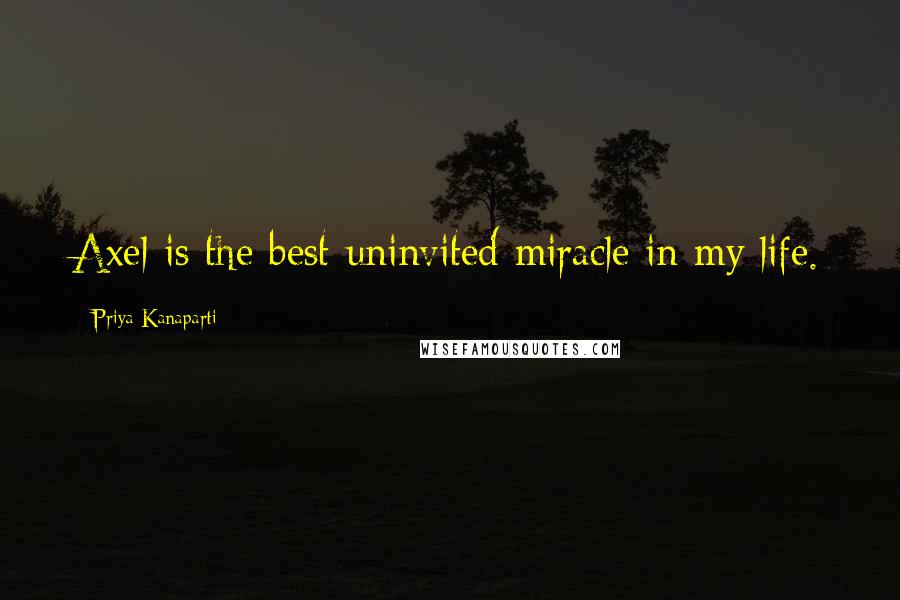 Priya Kanaparti Quotes: Axel is the best uninvited miracle in my life.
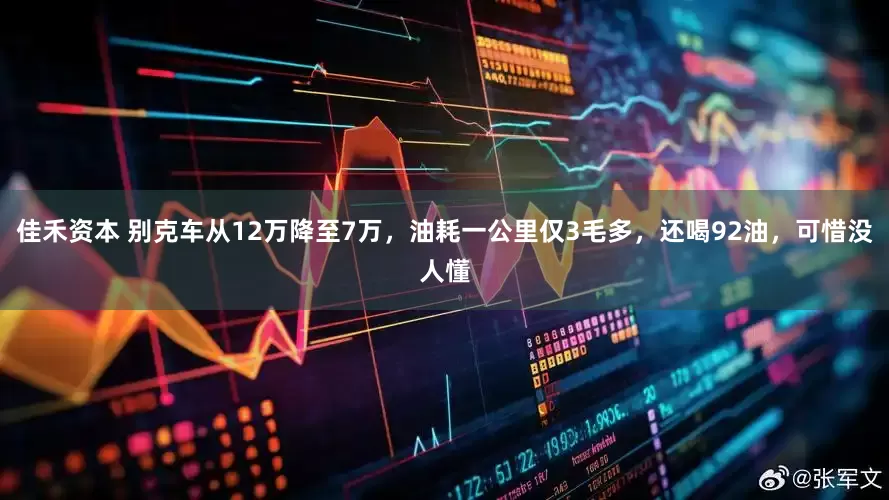 佳禾资本 别克车从12万降至7万，油耗一公里仅3毛多，还喝92油，可惜没人懂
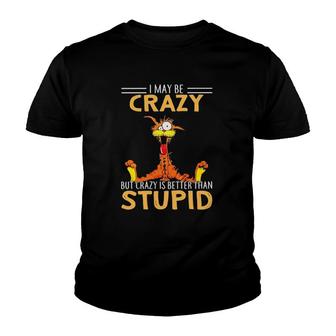 I May Be Crazy But Crazy Is Better Than Stupid Youth T-shirt | Mazezy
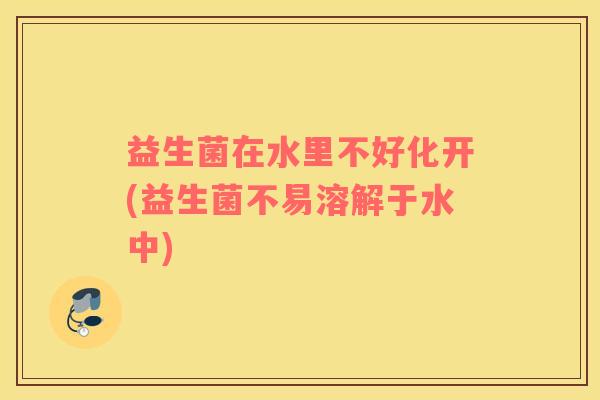 益生菌在水里不好化开(益生菌不易溶解于水中)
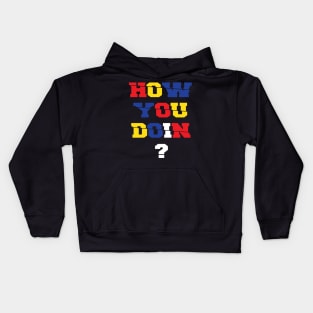 How You Doin Vintage Graphic Design Kids Hoodie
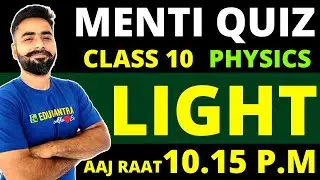 MENTI QUIZ ON LIGHT || CLASS 10 PHYSICS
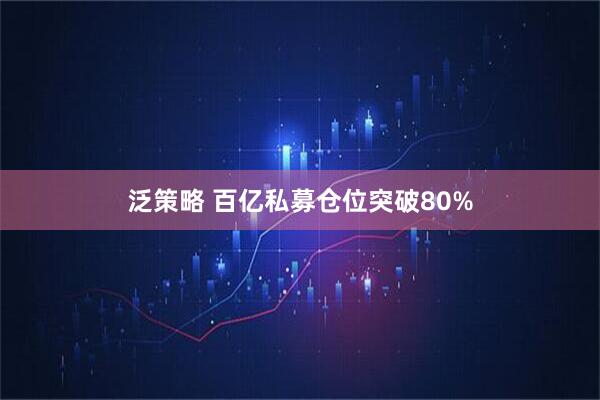 泛策略 百亿私募仓位突破80%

——————————

Your task:
Write out the listing above exactly as it stands, pictures excluded.

Reply to the exercise:
 Priya Kanaparti Quotes: Axel is the best uninvited miracle in my life.
 佳禾资本 别克车从12万降至7万，油耗一公里仅3毛多，还喝92油，可惜没人懂
 I May Be Crazy But Crazy Is Better Than Stupid Youth T-shirt | Mazezy
 益生菌在水里不好化开(益生菌不易溶解于水中)
 How You Doin Vintage Graphic Design Kids Hoodie
 MENTI QUIZ ON LIGHT || CLASS 10 PHYSICS
 泛策略 百亿私募仓位突破80%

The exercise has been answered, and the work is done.